What to do if IR35 applies - how to calculate the deemed payment

If IR35 does apply, then the legislation makes provision for paying that extra income tax and NICs. Furthermore, another frightening aspect of IR35 is that HMRC can go back at least six years and evaluate past contracts to see if the legislation applies. That means HMRC can demand income tax and NICs, plus penalties and interest, going back several years, resulting in tax demands reaching six figures.

HOW CAN GENIUS HELP ME WITH THIS?

GENIUS can be engaged to take on all of this ever-changing Construction Compliance.

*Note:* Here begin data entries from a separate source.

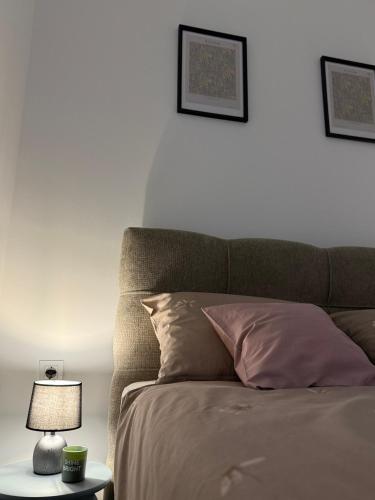 a bedroom with a bed and a table with a lamp at Apartman Dukat- Luksuzna novogradnja u srcu Vinkovaca s parkingom in Vinkovci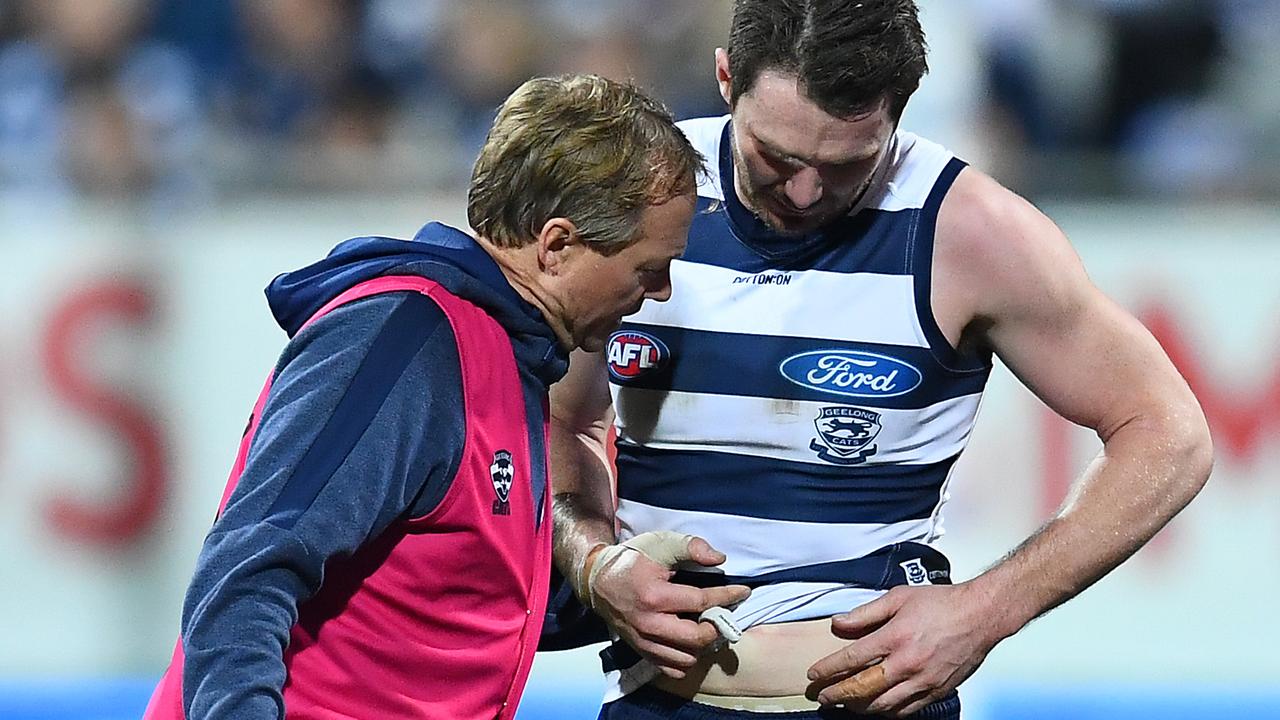 Patrick Dangerfield of the Cats is seen by the doctor on Friday night. Picture: Quinn Rooney/Getty Images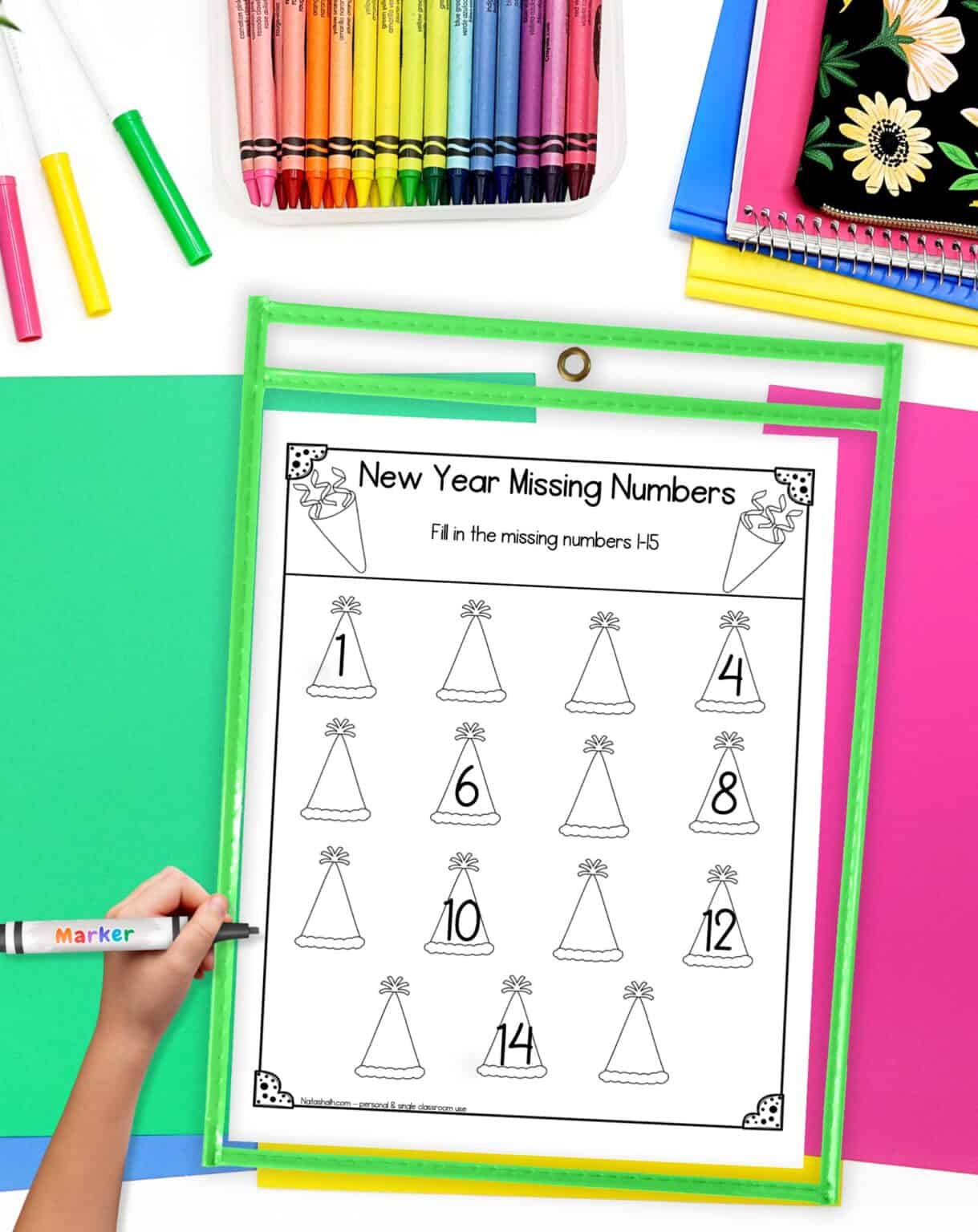 a new year themed missing number worksheet 1-15 in a dry erase pocket on a desk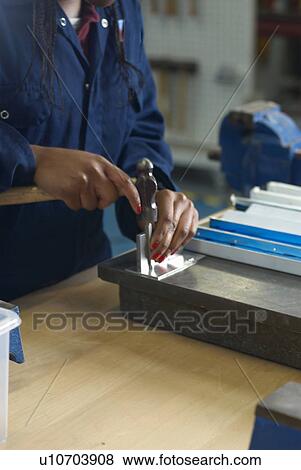 Worker using hammer in factory View Large Photo Image Stock Photo - Worker using hammer in factory. Fotosearch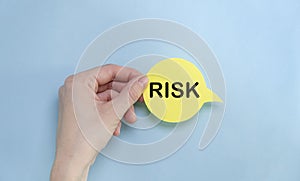 Risk text on yellow paper in hand on blue table - business, banking, finance and investment concept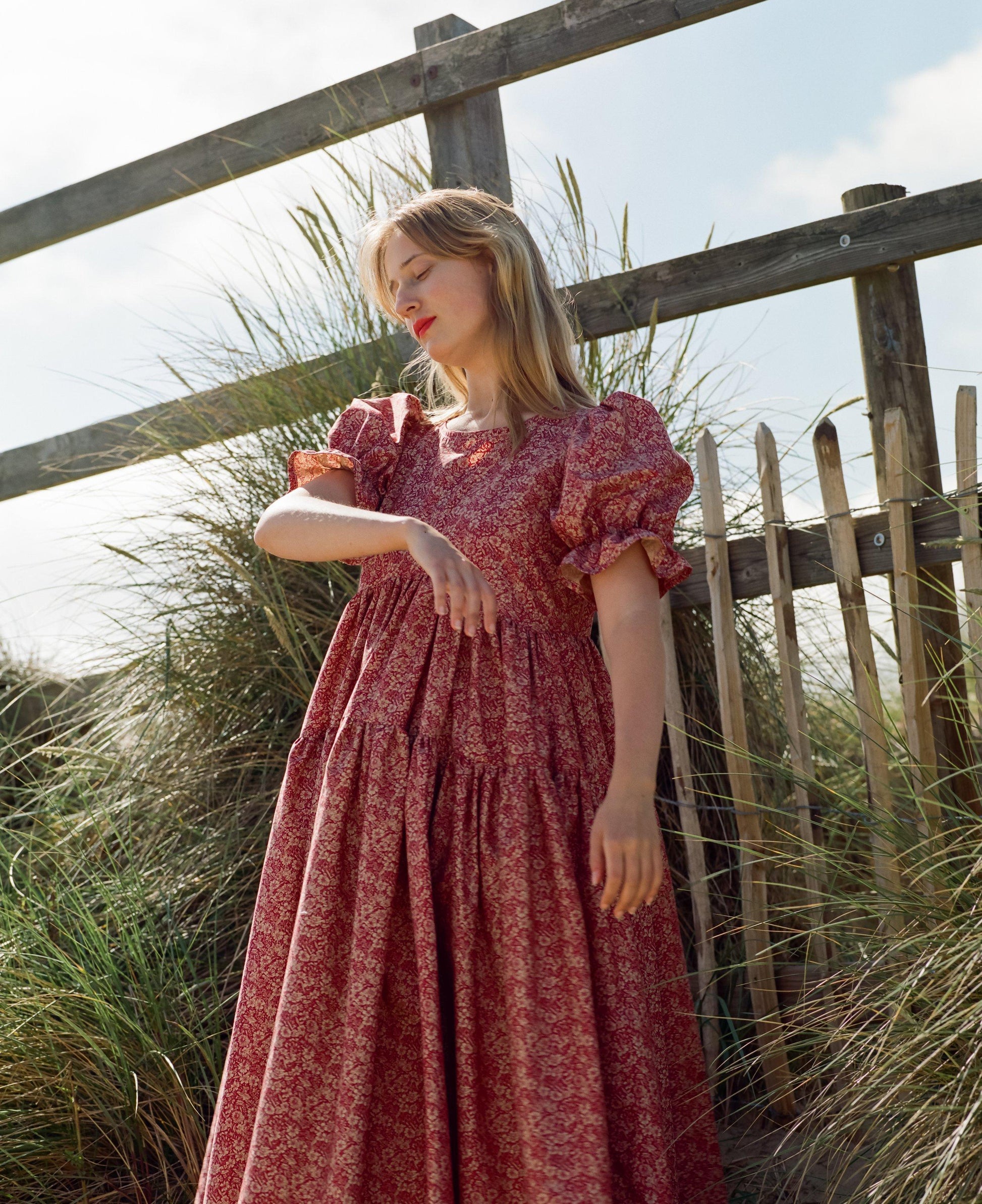 Cecilie Bahnsen inspired cotton dress in red and pink floral poplin. Handmade to order by seamstresses in the UK.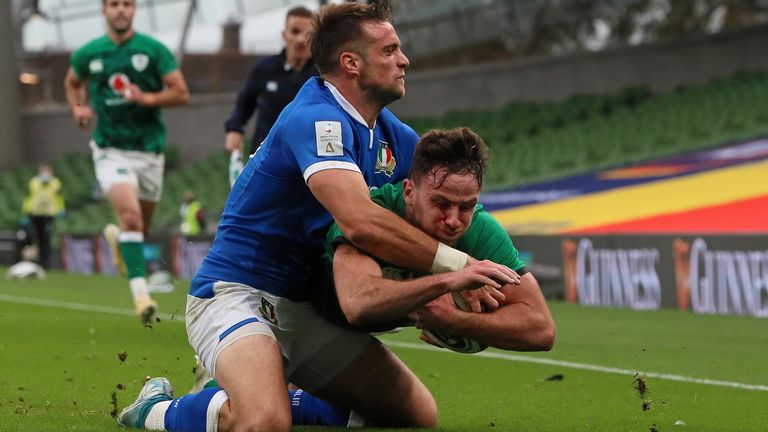 Hugo Keenan dives to scores his second try against Italy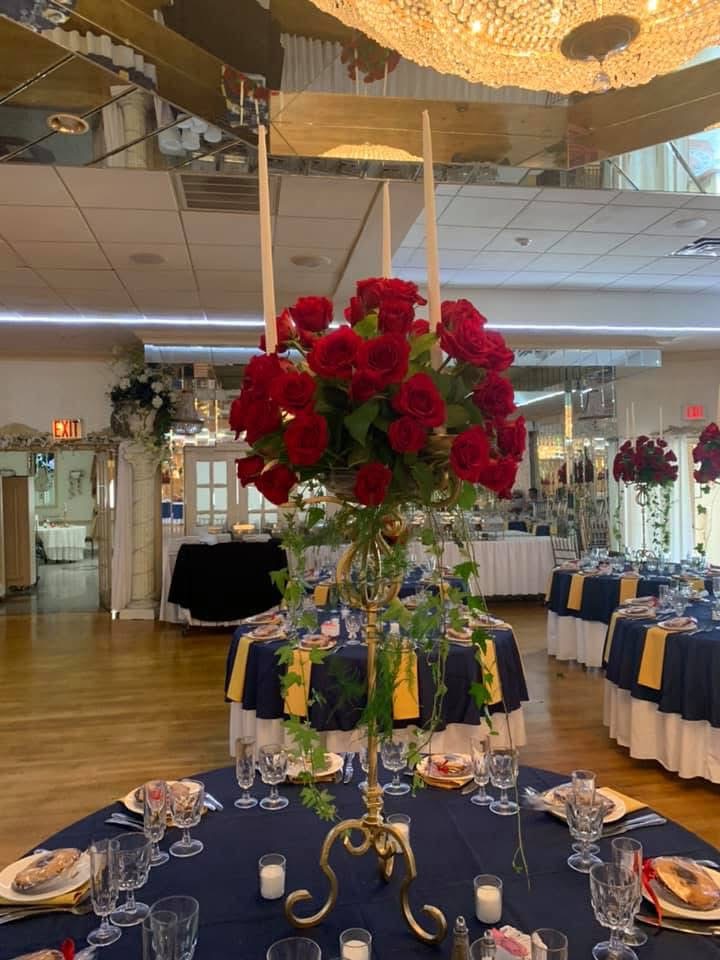 Tall gold candelabra crowned with red roses and trailing ivy above navy and gold reception tables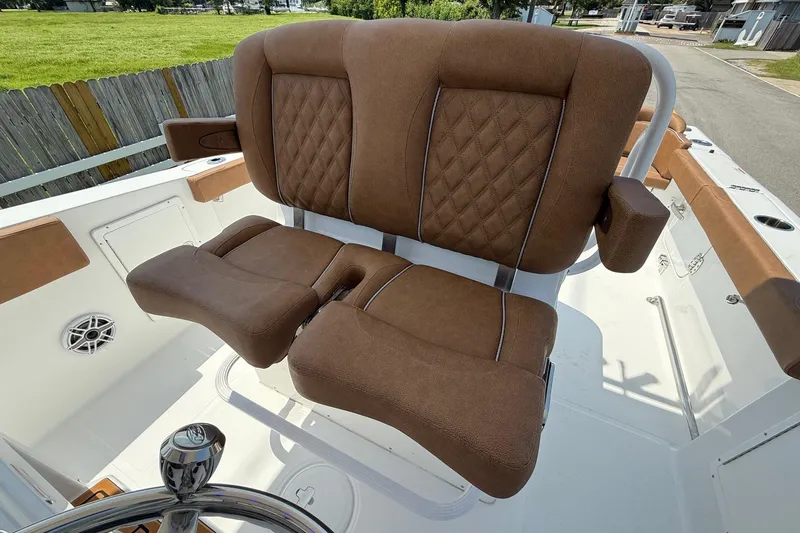 Slide: The Image of Luxurious brown seating on 2026 Sea Hunt Ultra 305 SE boat, featuring diamond stitching. - 9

GENIUS are experts in Construction Compliance and have been supplying trades and labour in line with the CIS rules set by the HMRC since 2001. If you engage the services of GENIUS we take on the HMRC responsibilities for the individuals and apply the following perfect practice process to every person;

  • Self-Employed status check with HMRC via the UTR
  • The individual's Right to Work check for the UK
  • An in-depth Compliance check via a Construction Self-Employed Entity test
  • Check the relevant insurances held by the sub-contractor prior to start on site

By engaging GENIUS the vetting, Right to Work, Self-Employed verification, tax status and deduction and the payment process will no longer be carried out by you. GENIUS become fully responsible for the entire process including IR35 and Intermediaries reporting and for managing the end user payment solution, commonly known as a 'Payroll Company' or Limited Company.

This means you will no longer be the entity responsible to liaise and engage with the HMRC.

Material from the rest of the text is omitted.